Ruby let out a low breath and looked at him, unsure.

Ephram nodded.

“All right then. All right then.” She paused a good long while. “You remember Miss Barbara we talked about so long ago in Ma Tante’s house?”

“The one my mama worked for?”

“That’s her. Well, you know I worked for her too.”

“Yes.”

“You know how churches have bake sales to raise money?”

“Yes.”

“Well some of the people who hurt me, hurt my children, they had sales too, ’cept they didn’t sell cakes.”

“Tell me who this child is Ruby.”

“I’m telling. But it’s hard to grab ahold of where to start.”

Ruby felt Ephram slide closer and pet her tenderly on the forehead, then along the turn of her neck. “I ain’t goin’ nowhere, Ruby. You spin it how you see fit.”

SHE MADE several stops and starts, then, since there was no nice way to start, she just told him. About the place in Neches. About where she went when she left town. About Miss Barbara’s Friends’ Club and the change she collected in the candy dish. She told him about the first man, she told him about the last and the many in between. She told him what a quarter could buy.

She told him about when the little blond girl had run off and Miss Barbara had had a fit. How they had each of them been questioned until the rumor spread she’d run off with one of her “friends,” the one who liked to hit, hard. How Tanny and Ruby had talked about it and how they feared for her life. The two girls talked about a lot of things during the morning when they were supposed to be sleeping. Tanny would sneak into Ruby’s room and paint the world on the white of the ceiling. They talked about what they would do when they left, where they would go. Tanny said Albuquerque because she liked the way it sounded and she had seen a picture postcard of it once. Ruby said New York because that’s where she knew her mama had gone. Then Tanny said if that’s where Ruby was going she supposed she’d have to go with her.

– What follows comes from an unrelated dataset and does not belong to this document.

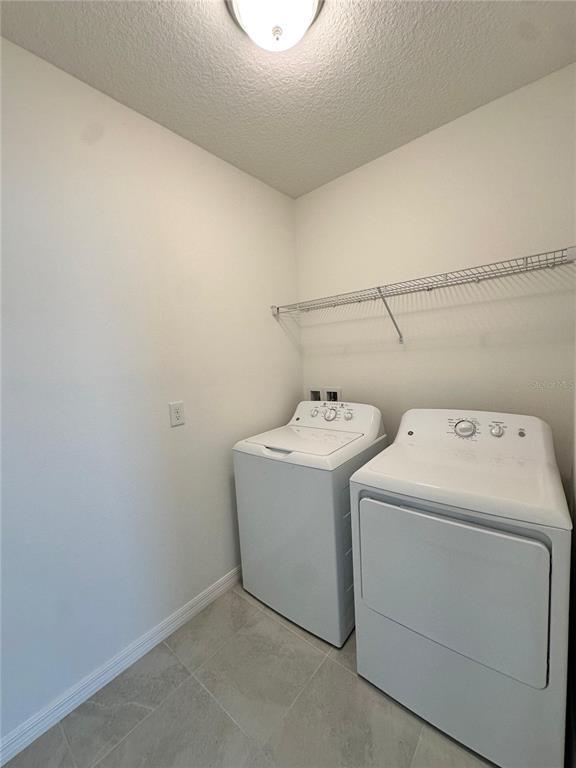 Building Photo - 8590 Canyon Creek Trail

In the four years Ruby had been taken to Miss Barbara’s, the girls had become something more than friends. Ruby was ten now, Tanny eleven. Some lucky days Miss Barbara put them together as a team. Those were the best because it wasn’t so bad to have company when face-to-face with a friend. Tanny would wink to her during the worst of it and make it pass all the better. The thing Ruby loved most about Tanny was that no one had taken the time to break her spirit before she got there. After four years she still stuck out her chin, still giggled with Ruby about the funny frog men.

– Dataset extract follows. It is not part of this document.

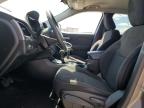 2019 Jeep Cherokee Latitude na sprzedaż w Florence, MS - Front End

“We lucky they keep us together sometimes,” Tanny said one evening after a man with a bad cold had left.

Ruby nodded, putting her tip in her dish, then handing Tanny hers.

Tanny smiled. “Ole Mr. Fart Face so ugly his mama slapped herself when he was born!”

Ruby laughed. “You really do remind me a’ my cousin Maggie. Maggie fights all the time.”

“Mama usta say I come out her with my dukes up.” Tanny smiled softly to Ruby. “It ain’t so bad, though, least these men got a time limit. Ain’t like we livin’ in they house.” Tanny leaned into her, eyes flashing. “But I tell you what. They send in another one sneezin’ all over me I’ma knock!” Tanny played like she was a boxer. “Him!” Fake punch in the air. “Out!” She held up her hands in victory. They laughed, leaned against the wallpaper.

“Damn, they’s a hole in the window in my room. Can’t tell shit time in here, day or night.”

“Seem like night.”

Tanny looked over at Ruby. “You know what? You sure pretty, girl.”

“Ugh ugh.” Ruby shook her head no. “ You is,” Ruby answered back.

They were quiet for a moment.

“Sometimes I wonder if that’s why they pick us. Cuz a’ how we look.”